In the last year, Briggs has also been tracking her blood glucose levels, and how they are affected by her diet and training. Doing this has led her to drink carbohydrate drinks before and during training, which she said has given her a lot more energy during a long training session, and help her still be able to  “give 100 percent at the end of a three-hour training session…that’s been a big change for me this last year,” Briggs said. 

“I’m loving the bison patties from Trifecta at the moment….I’ll mix a little bit of rice in with the sweet potato…a little trick to make the sweet potato a little thicker.”

At the age of 39 and 12 years of experimenting, Briggs is able to avoid tracking her food as closely as many athletes do, because she is highly in tune with what her body needs, and she knows how to adapt her nutrition according to the time of year and her training volume. She eats more red meat during strength cycles, for example, as it allows her to maintain her body weight. 

Though this is how she is eating now, Briggs is adamant there’s not one perfect diet. What worked for her in 2013 isn’t necessarily what works for her now, and what she’s doing now might not work for her in five years. 

Briggs’ Message

From the Zone Diet to Paleo, to macro counting to being plant-based, Briggs has learned important things from every way of eating she has tried since she started CrossFit in 2009.

The Zone Diet taught her about balanced nutrition and got her away from eating cereal whenever she got the chance, while following a Paleo Diet “was kind of perfect” in 2013, she said. But as the sport evolved and athletes began training more volume and more intensity, Briggs’ body needed more carbohydrates, which macro counting helped her embrace. Finally, dabbling with being a vegan taught her to not stress out if she doesn’t have meat with every meal. 

“Before I went vegan, it was like, ‘Well, how do you survive, how do you train, if you’re not eating meat?’ And it was like, actually I did pretty good. I competed at the Games that year fully vegan, and it was fine. I didn’t die without meat,” she said. “I know now I can get everything from plant-based stuff.”

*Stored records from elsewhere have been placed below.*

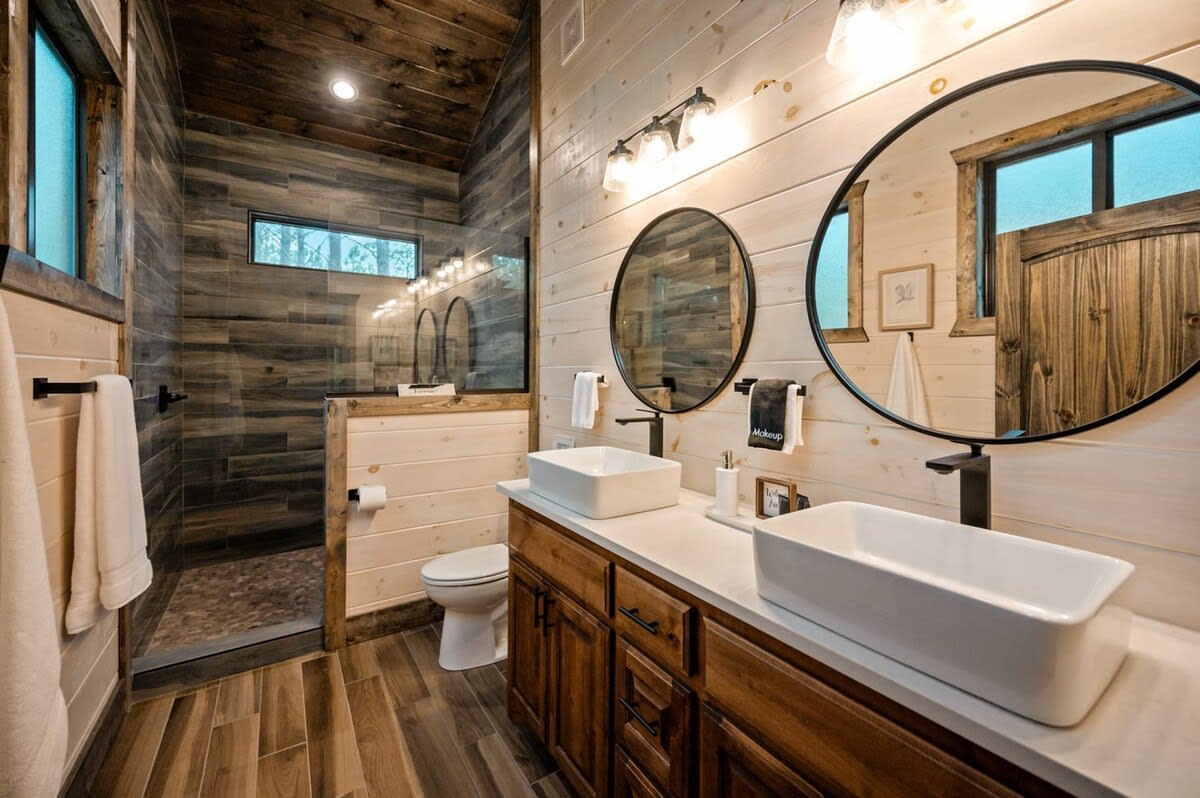 New! The Silo! Hot Tub, Sauna, Game Room, Swings!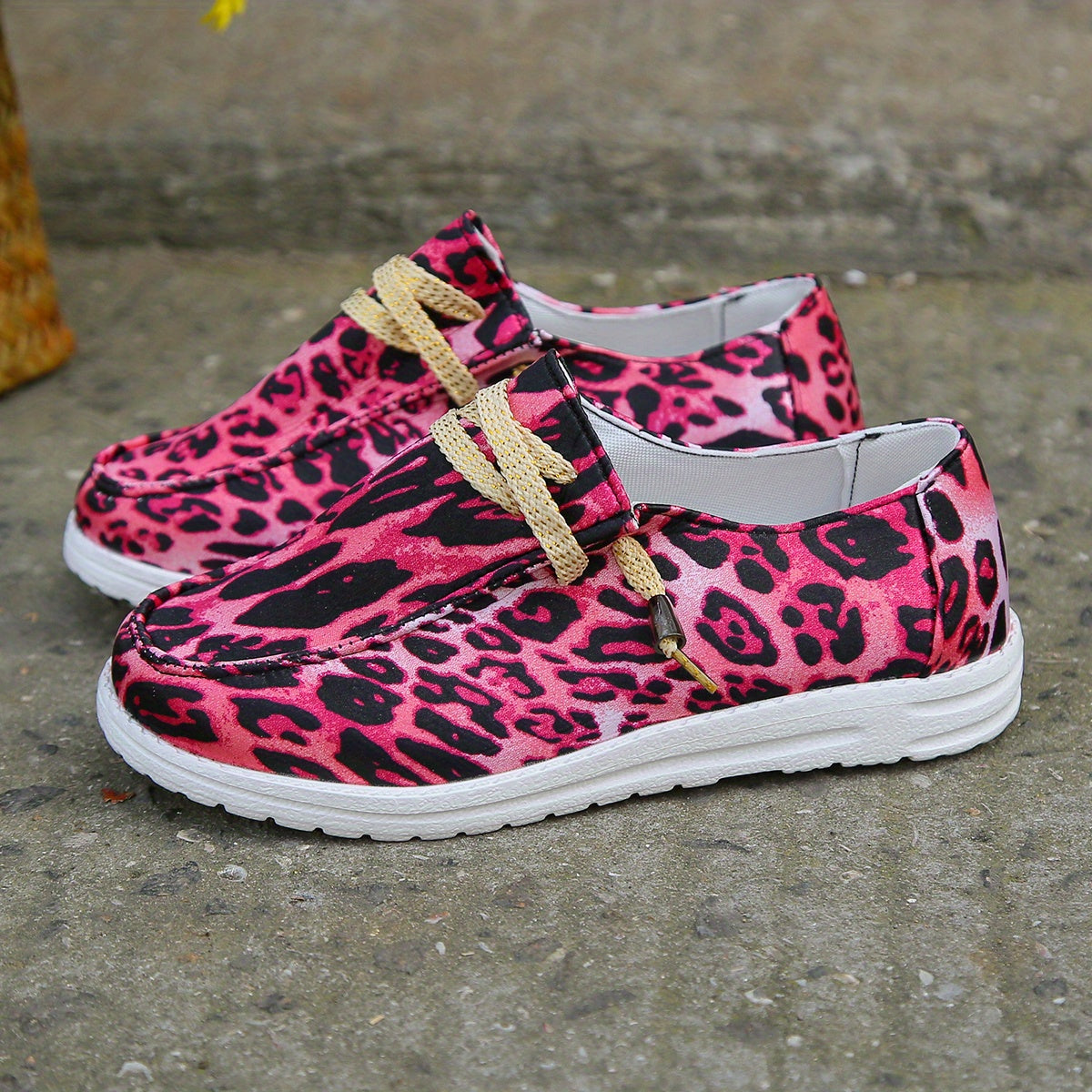 Leopard Print Canvas Shoes Low Top Lace Up Women's Walking Shoes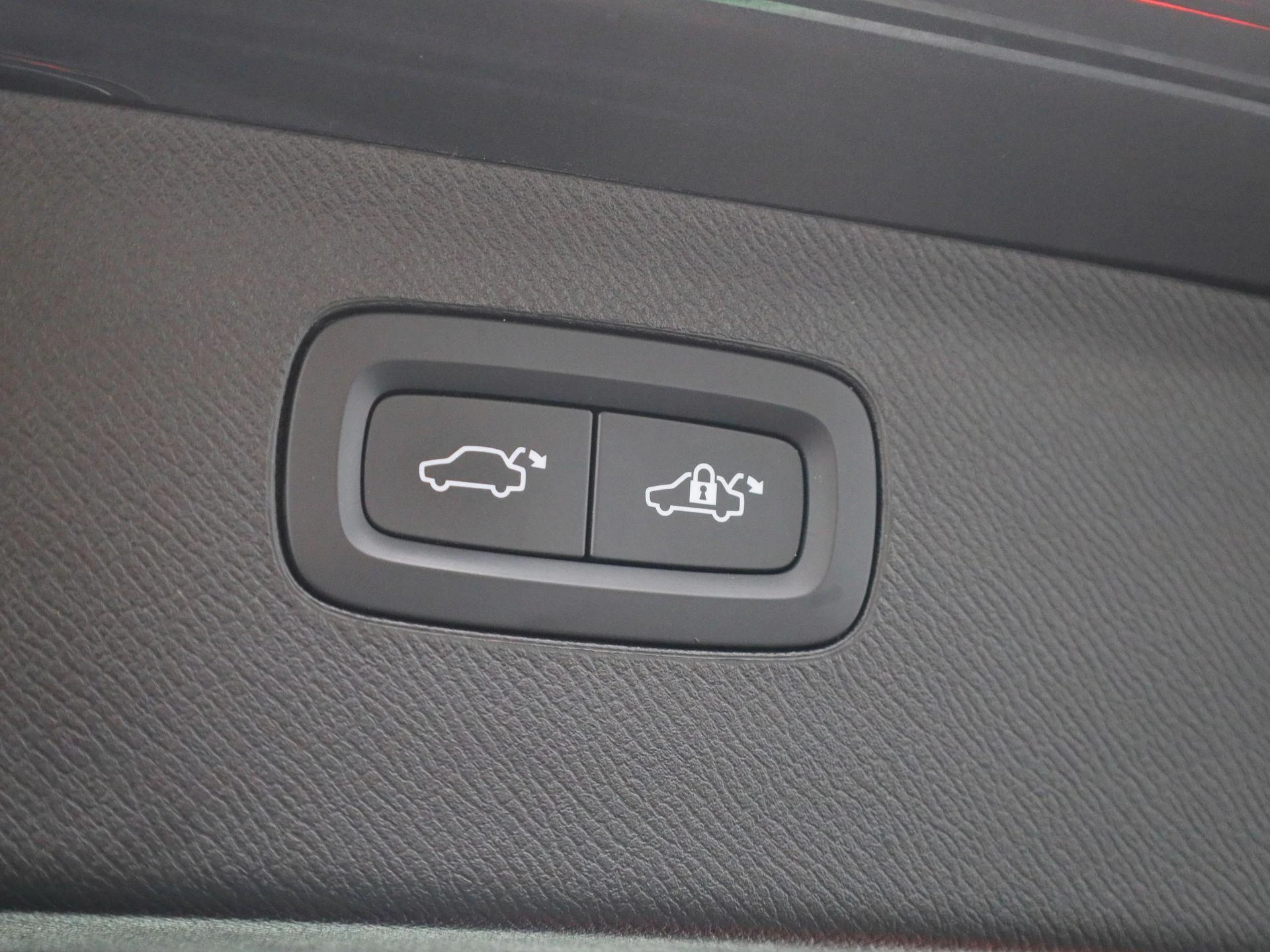 Volvo-XC90-image-15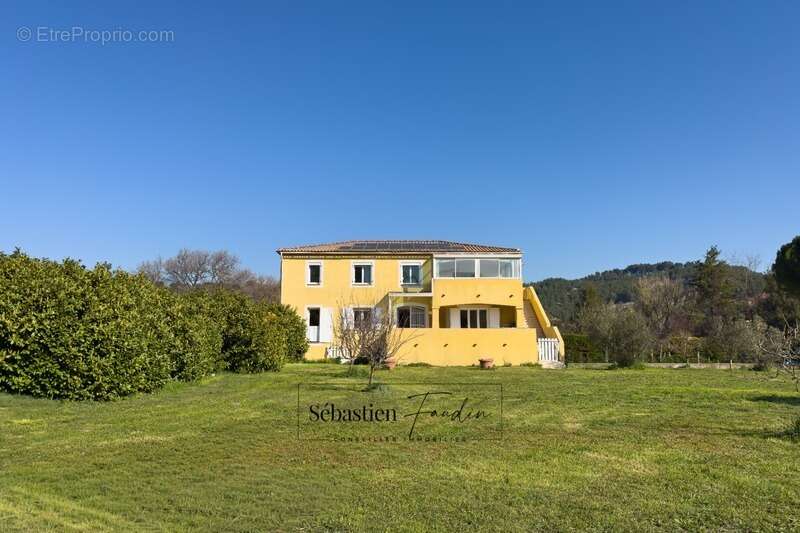 Maison à BOUC-BEL-AIR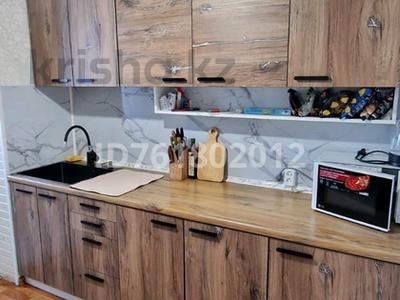 Продажа квартир в Шымкенте: 3-комнатная квартира · 71 м² · 5/5 этаж, Карасу 22 — 64 школа за 30 млн 〒 3-комнатная квартира · 71 м² · 5/5 этаж, Карасу 22 — 64 школа за 30 млн 〒 в Шымкенте, Аль-Фарабийский р-н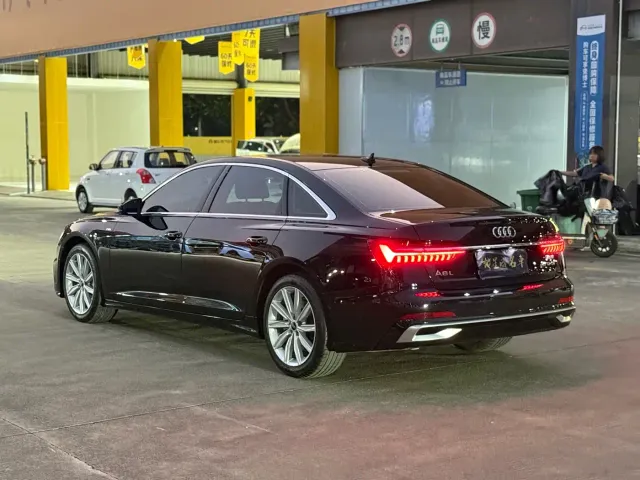 Audi A6L — Фото автомобиля 15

Ultimately, being so open-minded with different ways of eating through the years has helped Briggs develop a healthier, relaxed relationship with food. 

“One of the biggest things as I have changed things over the years is you learn different ways to eat and then you’re not as frightened of different things,” she said. And she encourages others to do the same. “One size doesn’t fit all for sure,” she said. 

She added: “Everybody’s bodies are different, but also as well, our bodies change, our needs change as we age and we do things differently, so don’t be afraid to (change) things up (and) experiment.”